A worried father brings in his latest challenge - a three-year-old boy named Mbiya.

There's not much more to him than skin and bones and frightened eyes in a shrunken face.

"Another few days, and we wouldn't be able to help," the doctor tells me.

  • The DRC's decades of conflict explained

Many children arrive here in time only to die – and the numbers suffering severe acute malnutrition are rising.

"They walk for months, they have no shelter and the parents have no food for their children," Oscar Butragueno, Unicef emergency co-ordinator tells me as we watch hungry children being assessed and provided basic nutrition.

We're in the Kasai region – an area the size of Germany – for the past 18 months riven by a conflict that is, worryingly to all observers, taking an increasingly tribal and ethnic dimension.

One and half million people have been forced from their homes and farms.

That accounts for the hunger. But it doesn’t explain the hatred.

The sisters told how their family fell into the hands of an armed group Credit: ITV News

In a safe house, we meet three sisters, whose family fell into the hands of one of the armed groups that - alongside government forces they are fighting - is blamed for countless atrocities.

The oldest recounts her story with the detachment of the truly traumatised.

First they killed her father.

She was hiding, but sneaked out to see the appalling fate of her mother and brothers.

"We were captured by the militia. They took us to our house, together with my family.

"I saw my two brothers decapitated. Then my mother," she tells me.

"They made me carry her head to the village where they had their base. It was 60 kilometres [away]."

The oldest sister recounted the appalling fate of her mother and brothers Credit: ITV News

It's 15 years since the end of a war that cost a million or more lives in the Congo.

Many observers fear the country maybe slipping back into the abyss.

Away from Kasai, there are equally brutal conflicts in the east and north east.

These are local disputes, but all underpinned by the waning authority of President Joseph Kabila, whose term in office should have expired more than a year ago.

Elections are scheduled for December, but in the meantime the chaos only deepens.

According to the UN, almost four and half million people have been forced from their homes.

In the DRC there are many hungry mouths but not enough to go around Credit: ITV News

DRC has been declared a "Level 3" crisis – on a par with the humanitarian disasters that have consumed Syria, Yemen and Iraq.

All this has unfolded while the world's attention has been focused elsewhere, with aid budgets stretched or under political pressure.
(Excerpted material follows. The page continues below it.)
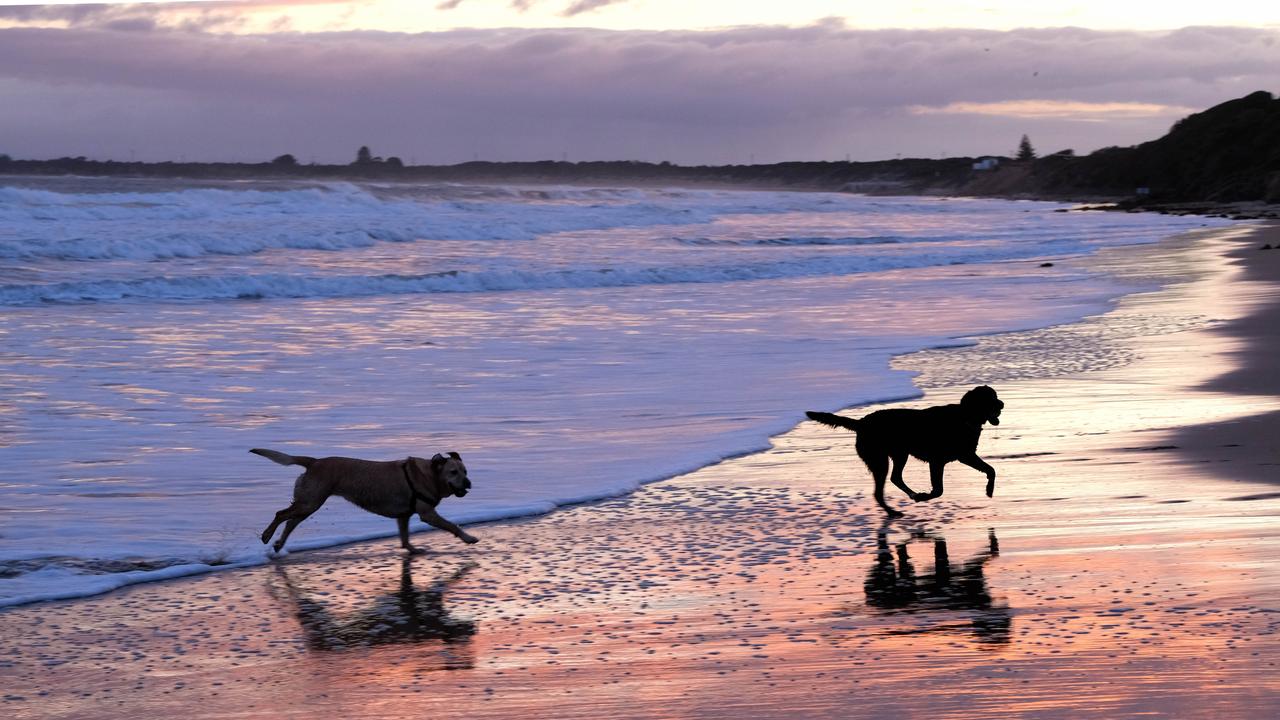 Looking For A Petfriendly Hotel In Ocean Grove? Look No Further Than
The UK is contributing more than £200 million over the next five years, but the overall response is woefully underfunded.

One official tells me that in Kasai alone their budget will still leave 100,000 or more children without help this coming year.

Mbombo appeared to have starved herself to feed her children Credit: ITV News

We meet a painfully thin mother called Mbombo.

It looks like she starved herself to feed her children as they wandered through the bush in search of safety.

At a Unicef feeding centre, I watch as they wolf down their first proper meal in all that time.

There are many hungry mouths, and not nearly enough to go around.